Provided data section start

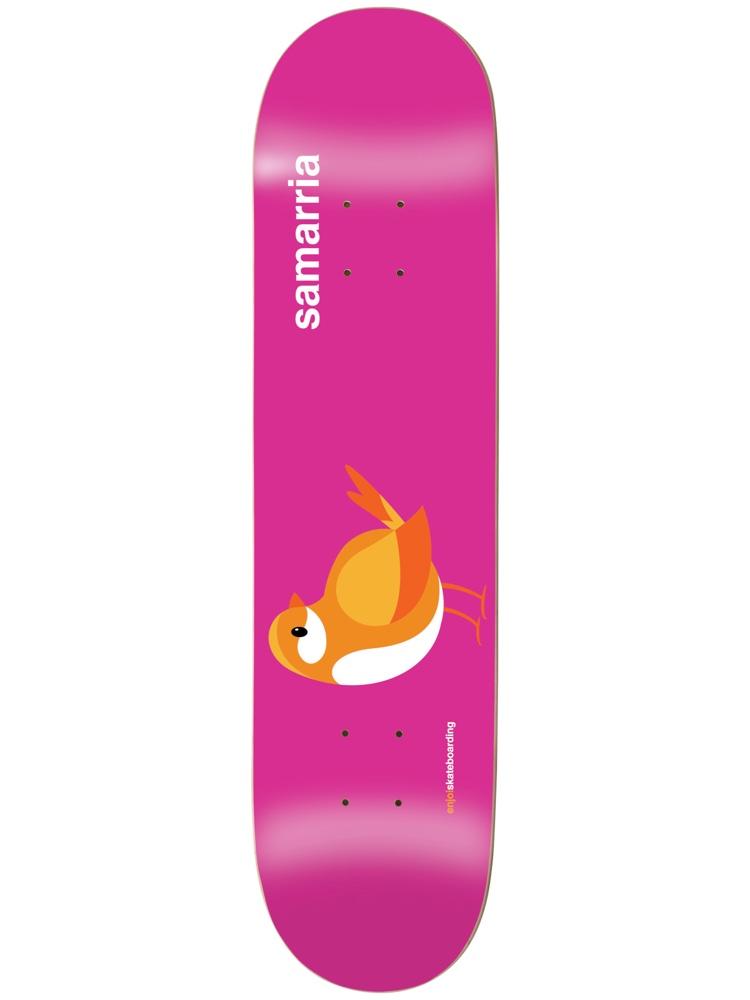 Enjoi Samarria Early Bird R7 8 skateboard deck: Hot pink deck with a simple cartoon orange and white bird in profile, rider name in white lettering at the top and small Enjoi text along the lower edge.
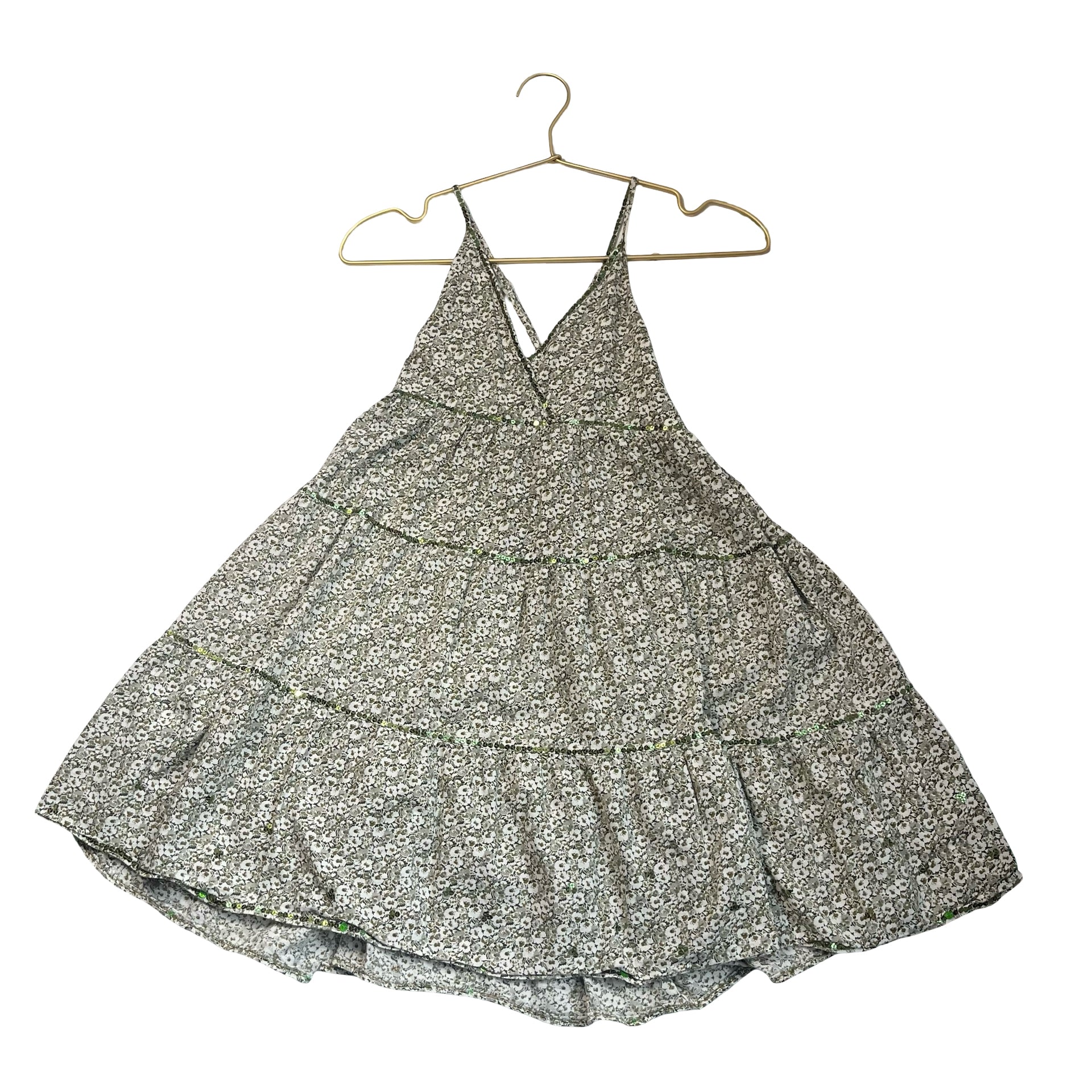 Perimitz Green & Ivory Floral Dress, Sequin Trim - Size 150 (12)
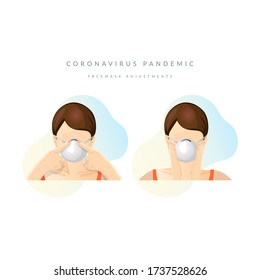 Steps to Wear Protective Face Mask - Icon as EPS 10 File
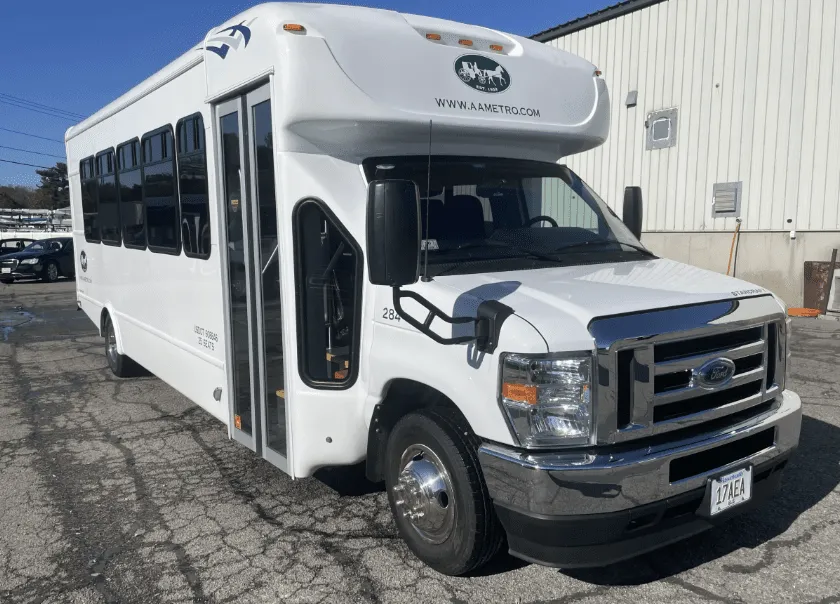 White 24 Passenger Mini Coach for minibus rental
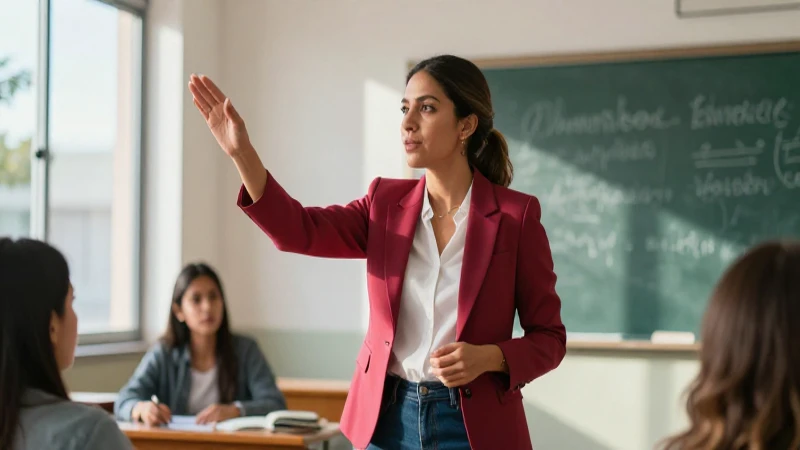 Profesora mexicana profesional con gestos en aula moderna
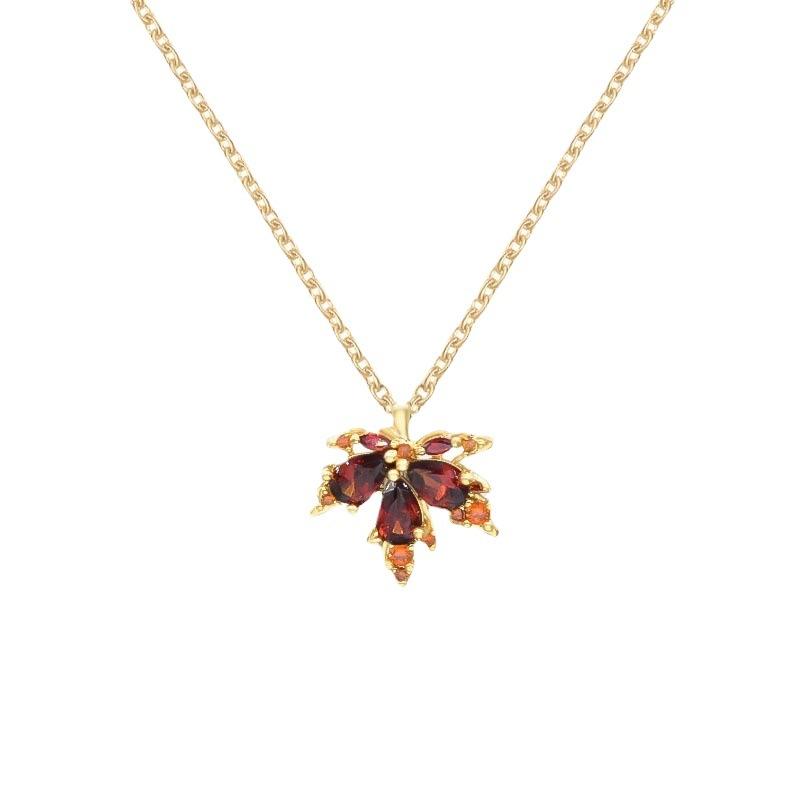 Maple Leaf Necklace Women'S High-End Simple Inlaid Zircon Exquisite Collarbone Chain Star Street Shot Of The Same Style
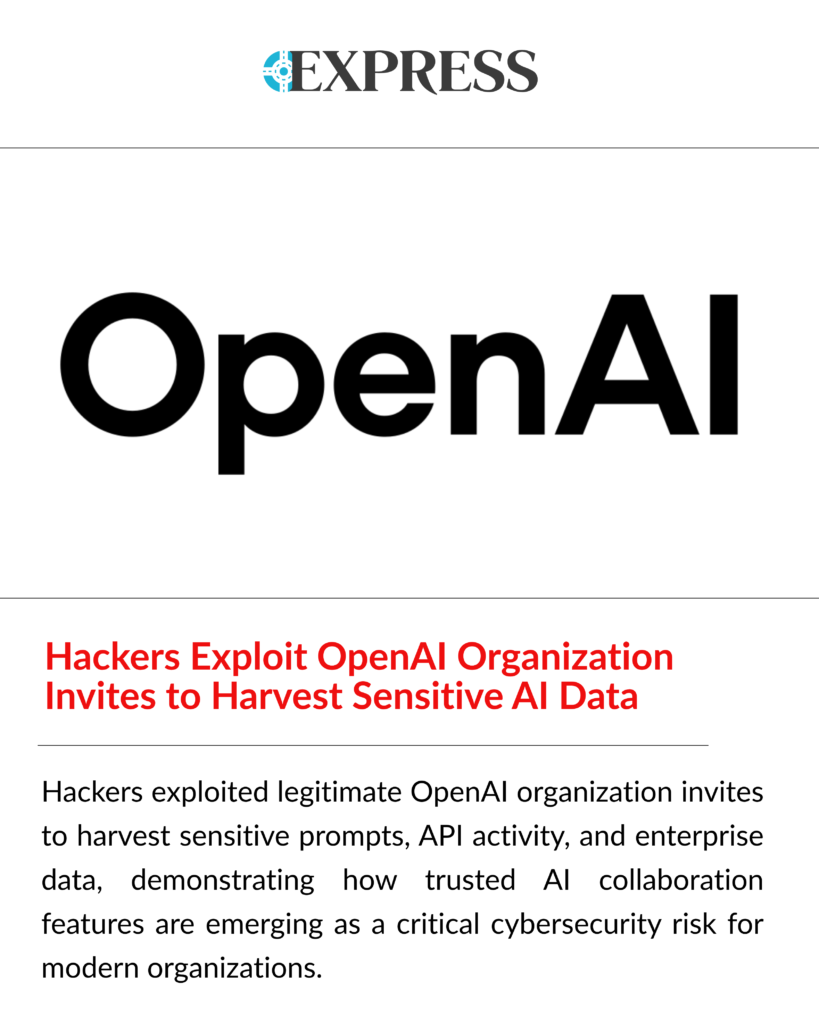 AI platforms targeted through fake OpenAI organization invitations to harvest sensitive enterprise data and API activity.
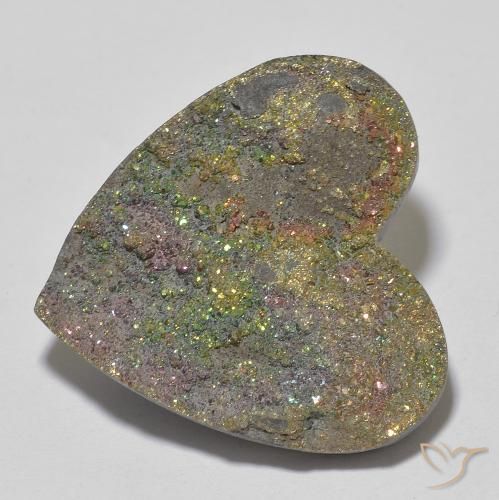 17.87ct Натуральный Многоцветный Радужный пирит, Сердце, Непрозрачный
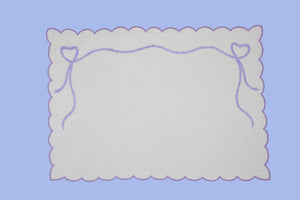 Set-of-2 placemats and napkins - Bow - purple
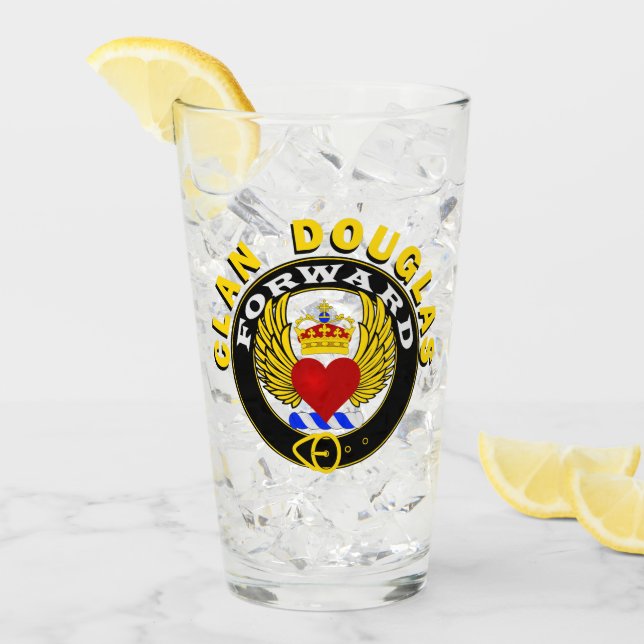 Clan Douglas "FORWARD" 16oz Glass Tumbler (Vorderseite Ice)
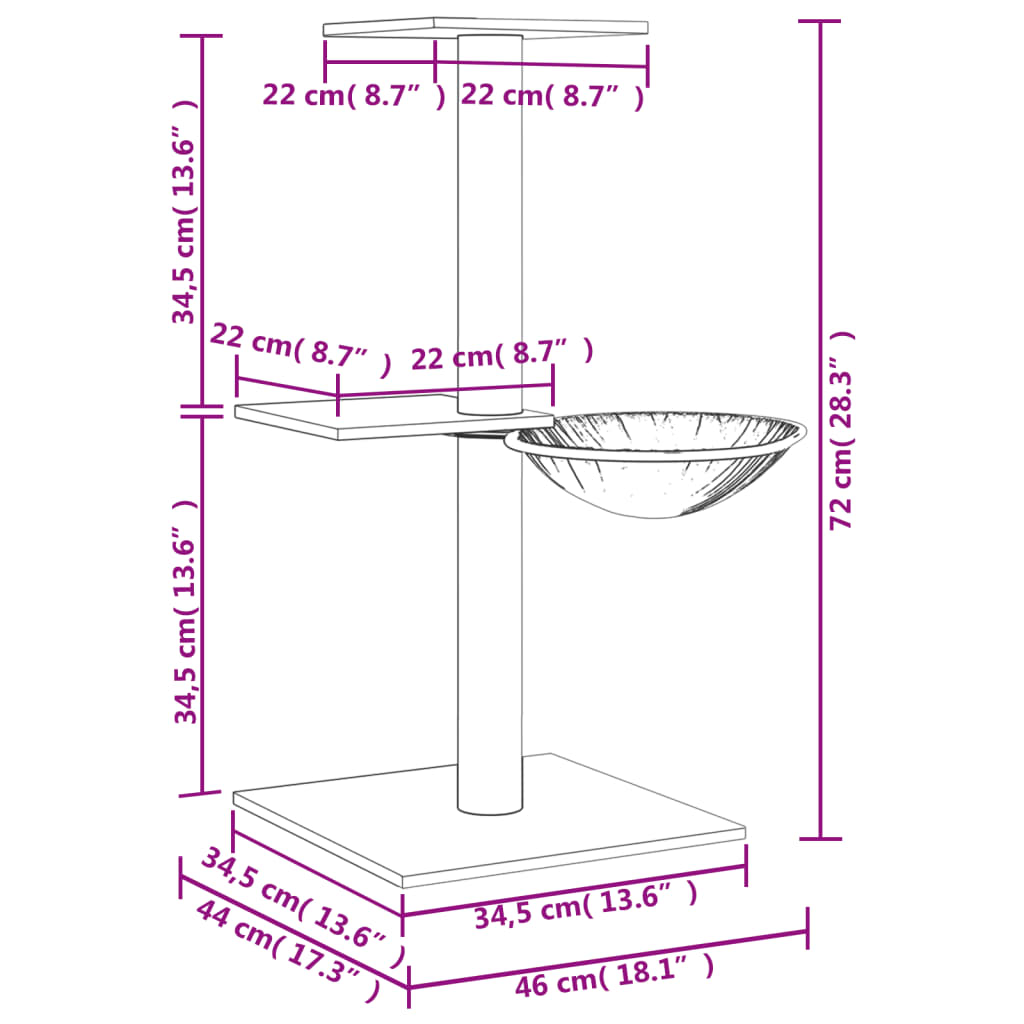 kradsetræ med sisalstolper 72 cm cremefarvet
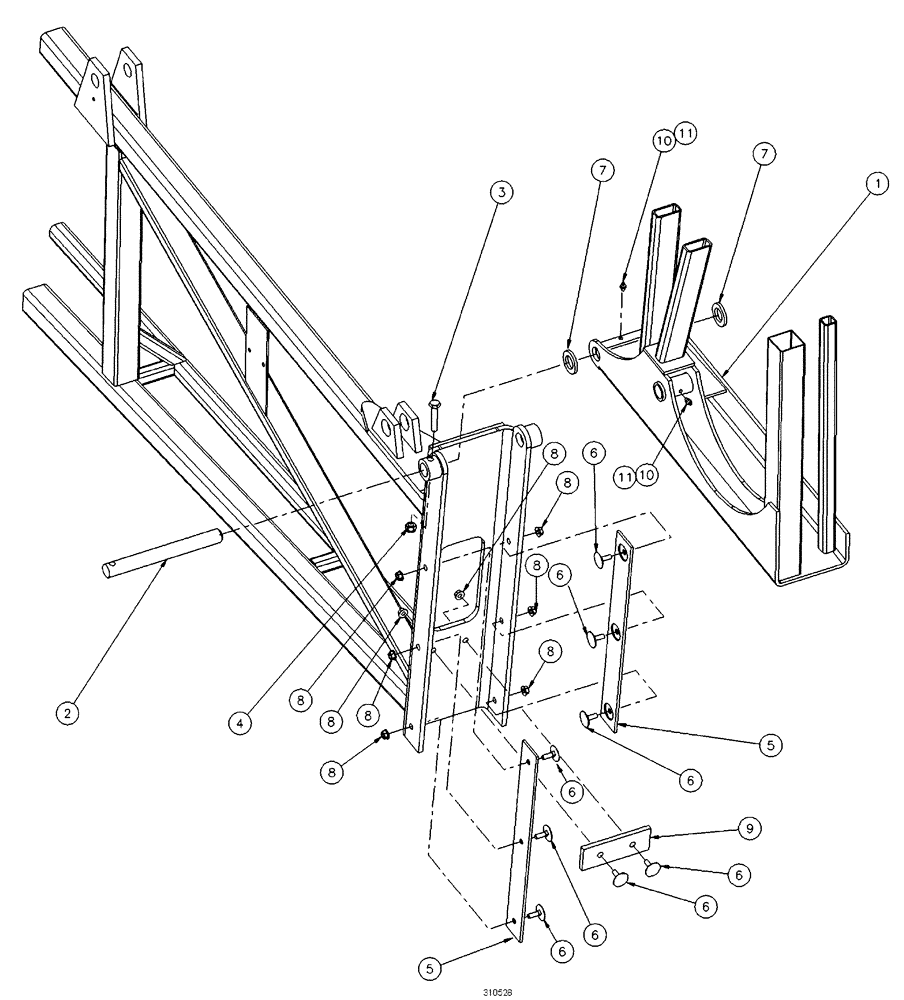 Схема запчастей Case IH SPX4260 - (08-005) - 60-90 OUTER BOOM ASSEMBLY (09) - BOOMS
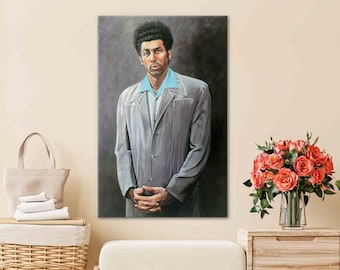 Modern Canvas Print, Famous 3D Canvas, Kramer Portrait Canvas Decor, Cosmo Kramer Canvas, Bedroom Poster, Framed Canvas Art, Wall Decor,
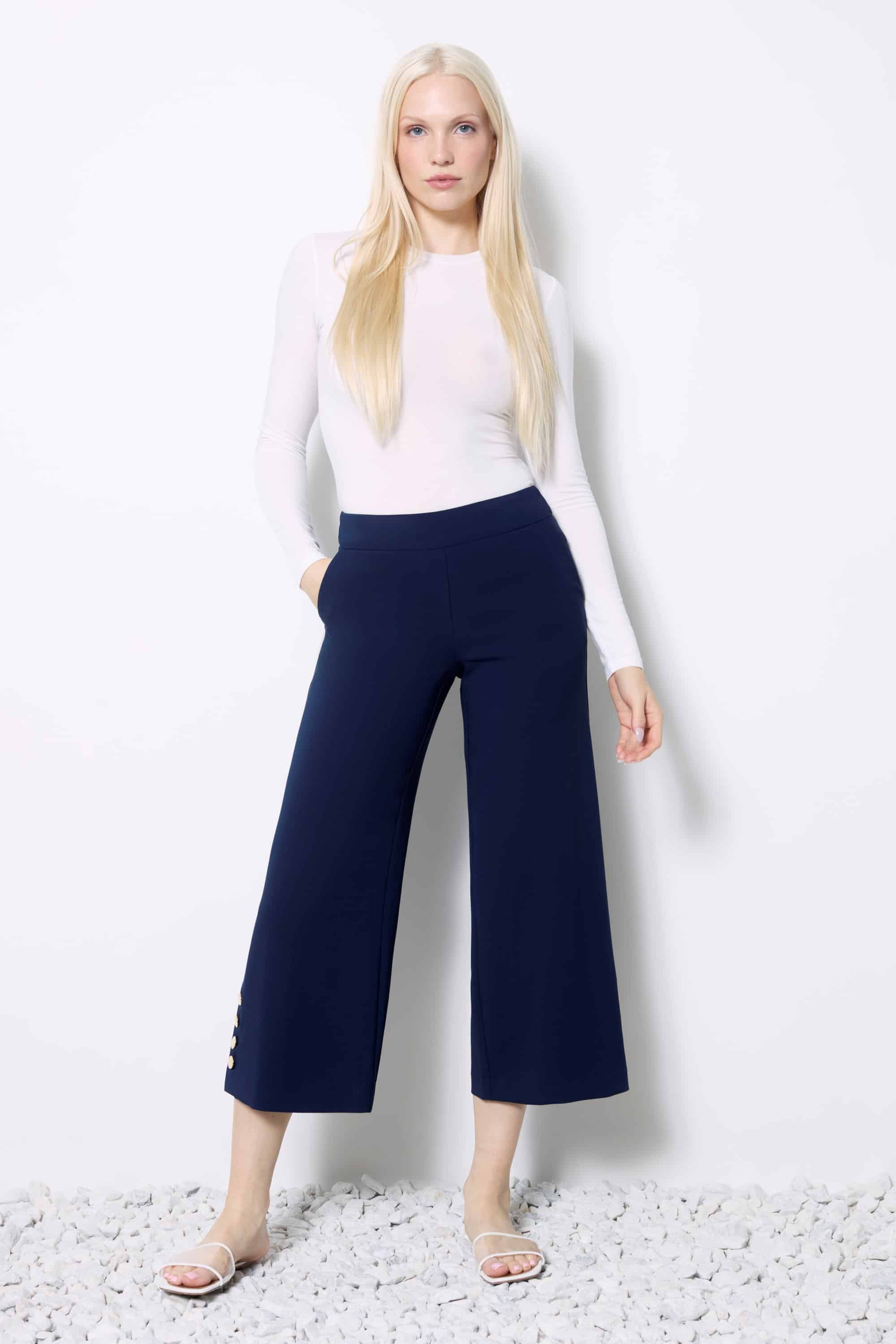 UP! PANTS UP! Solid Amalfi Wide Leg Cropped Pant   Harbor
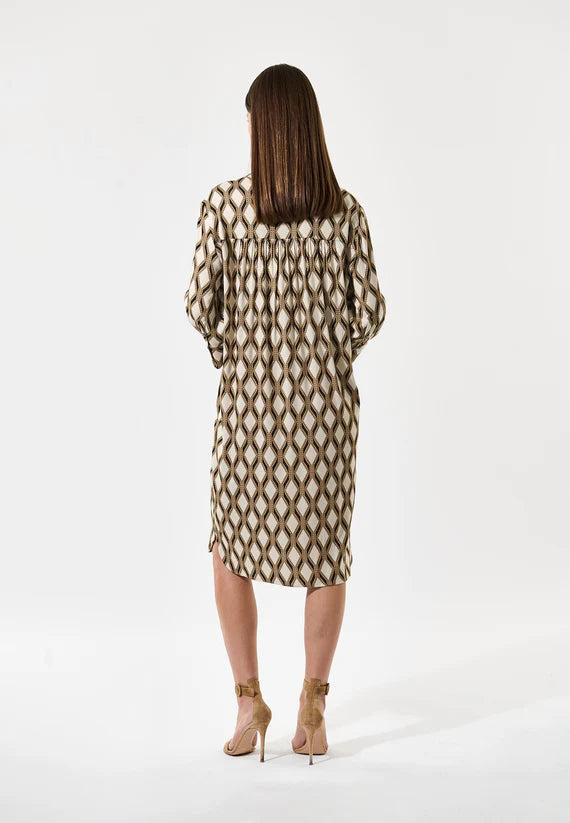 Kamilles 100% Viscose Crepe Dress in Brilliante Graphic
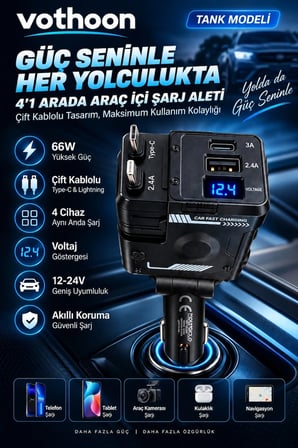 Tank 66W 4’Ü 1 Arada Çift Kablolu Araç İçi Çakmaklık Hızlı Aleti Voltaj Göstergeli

Provided data section end

Would you please repeat the lines above exactly, from the first line of the listing through the line holding "kradsetræ med sisalstolper 72 cm cremefarvet", with nothing added and no pictures?

 Enjoi Samarria Early Bird R7 8 skateboard deck: Hot pink deck with a simple cartoon orange and white bird in profile, rider name in white lettering at the top and small Enjoi text along the lower edge.
 Perimitz Green & Ivory Floral Dress, Sequin Trim - Size 150 (12)
 Steps to Wear Protective Face Mask - Icon as EPS 10 File
 White 24 Passenger Mini Coach for minibus rental
 Profesora mexicana profesional con gestos en aula moderna
 Maple Leaf Necklace Women'S High-End Simple Inlaid Zircon Exquisite Collarbone Chain Star Street Shot Of The Same Style
 AI platforms targeted through fake OpenAI organization invitations to harvest sensitive enterprise data and API activity.
 17.87ct Натуральный Многоцветный Радужный пирит, Сердце, Непрозрачный
 Set-of-2 placemats and napkins - Bow - purple
 Clan Douglas "FORWARD" 16oz Glass Tumbler (Vorderseite Ice)
 kradsetræ med sisalstolper 72 cm cremefarvet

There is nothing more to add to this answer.